AVNET's iotconnect.io cloud platform is an online service that you can use to send data to, and then show it on a dashboard. In this blog series I'm learning how to talk to it with Node-RED.

In this post: authentication with a CA generated certificate.

image

Refer to this post for the correct ACK handling.

This is a better step forward in the safety than the previous post, where we let the IoTConnect portal generate a self signed certificate. If you have proper key and certificate management processes, this is production class security.

 

This post has useful information about certificates. What is a Certification Authority Root certificate? How to generate it. How to generate client certificates. Building a chain of trust.

This is a practical implementation of a methodology that's used a lot. You can see it in operation here. And test it yourself at no cost.

 

 

What is a certification authority (CA)?

It's an organisation that can generate certificates. All certificates generated by that body can be traced back to it, and are validated by the CA's certificate.

In this article, you are the certification authority for your own certificates. You will generate the certificates and keys for your IoT devices.

Microsoft has a good explanation for using X.509 certificates in an IoT setting.

 

 

Create Root CA and Prove that You Control It

 

Like most "non-browser" solutions these days  that support certificate authorisation, you can be your own certification authority on IoTConnect.io.

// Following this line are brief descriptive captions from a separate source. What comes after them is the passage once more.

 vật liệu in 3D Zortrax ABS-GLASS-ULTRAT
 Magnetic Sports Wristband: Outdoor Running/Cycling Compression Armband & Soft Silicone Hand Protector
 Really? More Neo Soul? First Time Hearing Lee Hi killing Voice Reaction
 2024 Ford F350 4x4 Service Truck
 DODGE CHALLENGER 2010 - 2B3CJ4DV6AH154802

The only requirement is that the server you are talking to recognises your root certificate as a Certification Authority (CA).

And you have to prove that. You will have to show IotConnect that you are the owner of the root certificate and its private key.

 

You can also use certificates you purchase for from a known certification authority. It does not add security, it adds trust.

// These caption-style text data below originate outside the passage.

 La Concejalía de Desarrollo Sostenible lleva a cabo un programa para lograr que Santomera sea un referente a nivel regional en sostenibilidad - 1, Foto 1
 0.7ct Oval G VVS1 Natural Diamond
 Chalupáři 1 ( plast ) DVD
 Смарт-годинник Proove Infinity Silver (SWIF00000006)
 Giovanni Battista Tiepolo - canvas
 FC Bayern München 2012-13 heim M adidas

In this case, it's you trusting yourself, so the value of using an external certification authority is not that big.

The story is different in other types of scenarios, where others have to trust you. In that case a certificate from one of the settled providers is an asset.

 

 

Generate the root CA certificate

 

This can be done on any device that has openSSL installed.

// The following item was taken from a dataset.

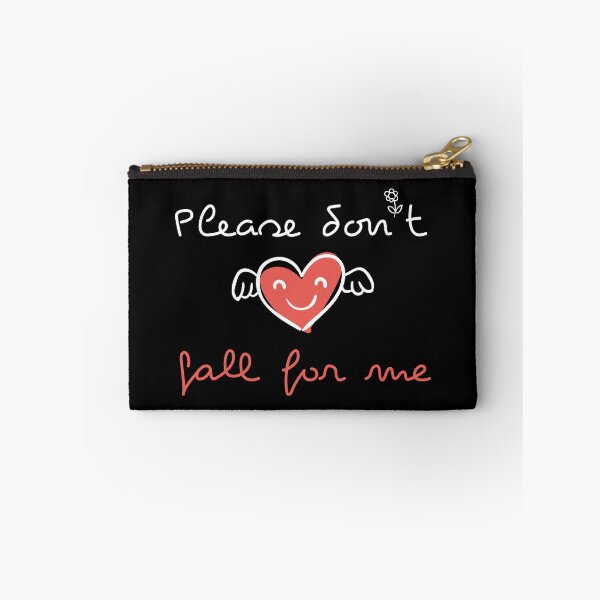 Item preview, Please don't fall for me couple love emotional tshirt  designed and sold by LETSTRIP.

There is other software that can do this too. If you use another certification generator, post a blog with instructions for it.

 

mkdir ~/.iotconnect
cd ~/.iotconnect
mkdir .CA
cd .CA
openssl genrsa -des3 -out CA.key 2048
openssl req -x509 -new -nodes -key CA.key -sha256 -days 1825 -out CA.pem

 

I entered these attributes. None of them play a role in the certification chain. They are for identification:

 

Country Name (2 letter code) [AU]:BE
State or Province Name (full name) [Some-State]:Brussels Capital District
Locality Name (eg, city) []:Schaarbeek
Organization Name (eg, company) [Internet Widgits Pty Ltd]:e14 review with certificates
Organizational Unit Name (eg, section) []:
Common Name (e.g. server FQDN or YOUR name) []:e14 review with certificates
Email Address []:smartedge.element14@gmail.com

 

You need to provide a password. Take care to remember it. You 'll need it every time you generate certificates from this Certification Authority Root Certificate.

It's good practice to not share the password, nor the private keys generated in the activity here. Or in any activity you do with certificates. Make a habit of that.

Later in the process, whenever the command line asks to provide pass phrase for CA.key, this is the password you need to provide.

 

Load the CA root certificate to the IotConnect portal

 

The CA certificate will be used as a basis of trust by the IotConnect.io cloud services.

Any device that has a client certificate generated with this root certificate (and additionally is registered on IoTConnect and linked to this root certificate via its IotCOnnect Template) will be allowed to exchange data.

 

image

 

The certificate isn't trusted as a CA root when you upload it. It's merely stored.

More on the trust part later. Let's upload it first.

 

image

The not yet trusted certificate is on the server. I have to prove to the server that I have the password for this certificate (i.e.: it's mine).

You see that the status is "Pending":

image

 

Proof of Ownership

 

When I uploaded the CA root, the IoTConnect portal gave a challenge: a Verification code.

We need to show the service that we're able to generate a certificate from the CA root, where the certificate's common name (CN) is that verification code.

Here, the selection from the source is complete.